-- Opening Marker --

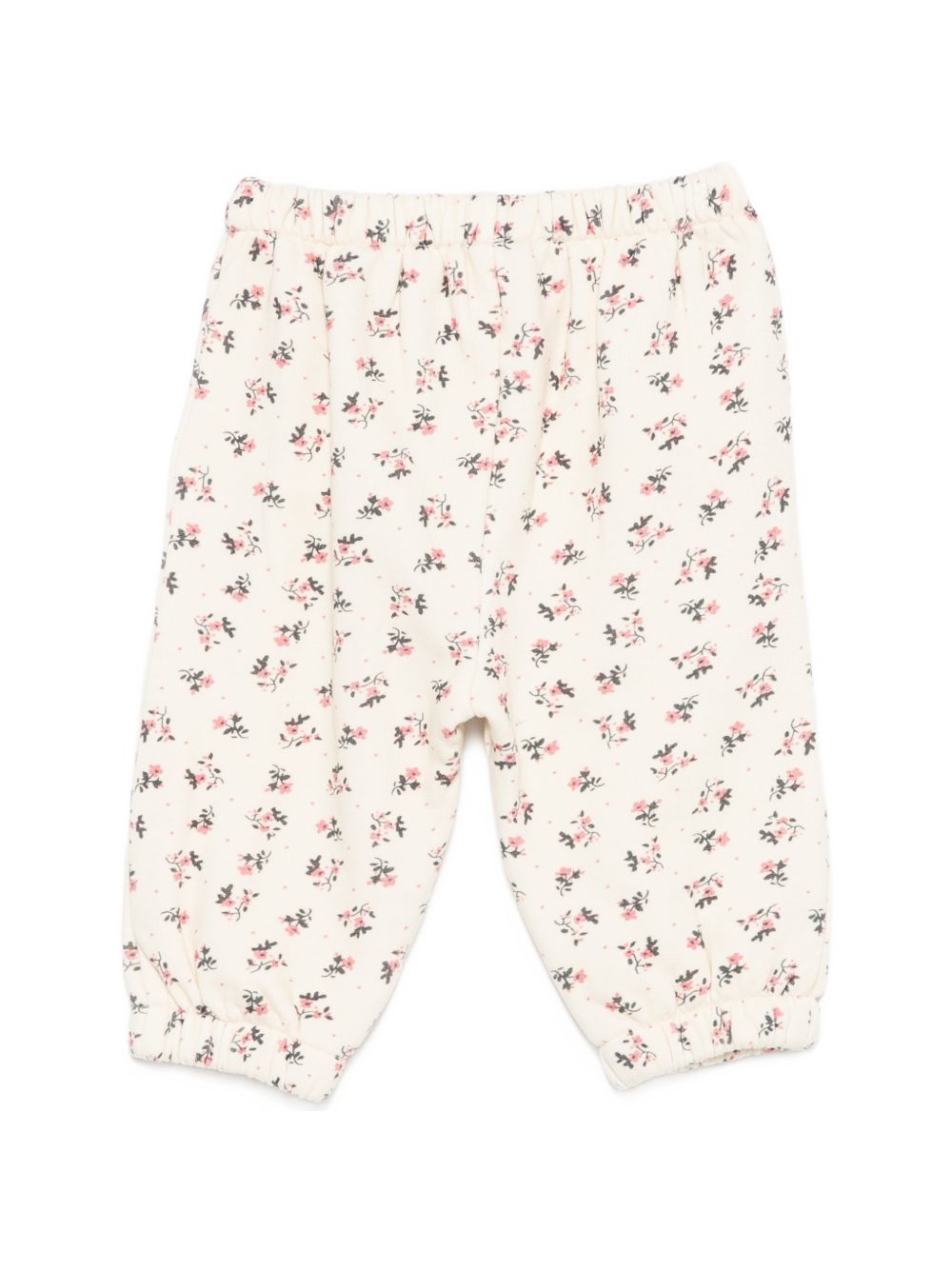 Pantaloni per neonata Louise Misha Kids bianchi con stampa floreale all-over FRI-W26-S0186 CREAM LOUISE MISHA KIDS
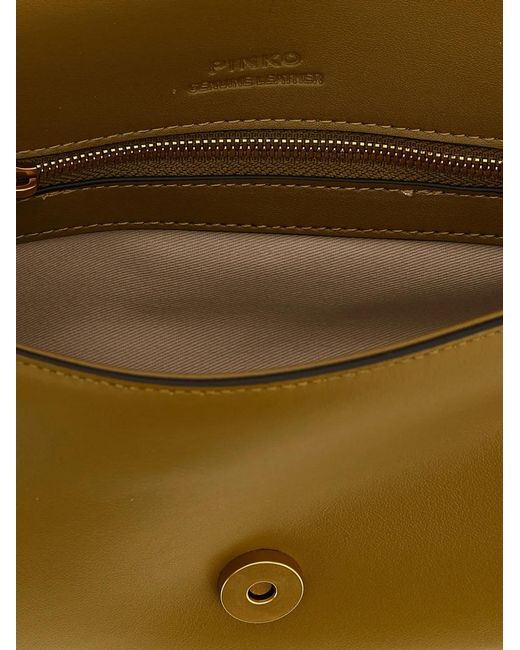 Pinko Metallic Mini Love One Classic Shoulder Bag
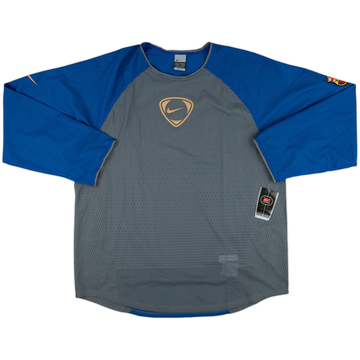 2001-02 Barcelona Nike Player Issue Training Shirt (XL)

-- Closing Marker --

**EXERCISE:**
Retype the data above exactly. Do not carry over any images.

**EXERCISE RESPONSE:**
 Pantaloni per neonata Louise Misha Kids bianchi con stampa floreale all-over FRI-W26-S0186 CREAM LOUISE MISHA KIDS
 Pinko Metallic Mini Love One Classic Shoulder Bag
 2001-02 Barcelona Nike Player Issue Training Shirt (XL)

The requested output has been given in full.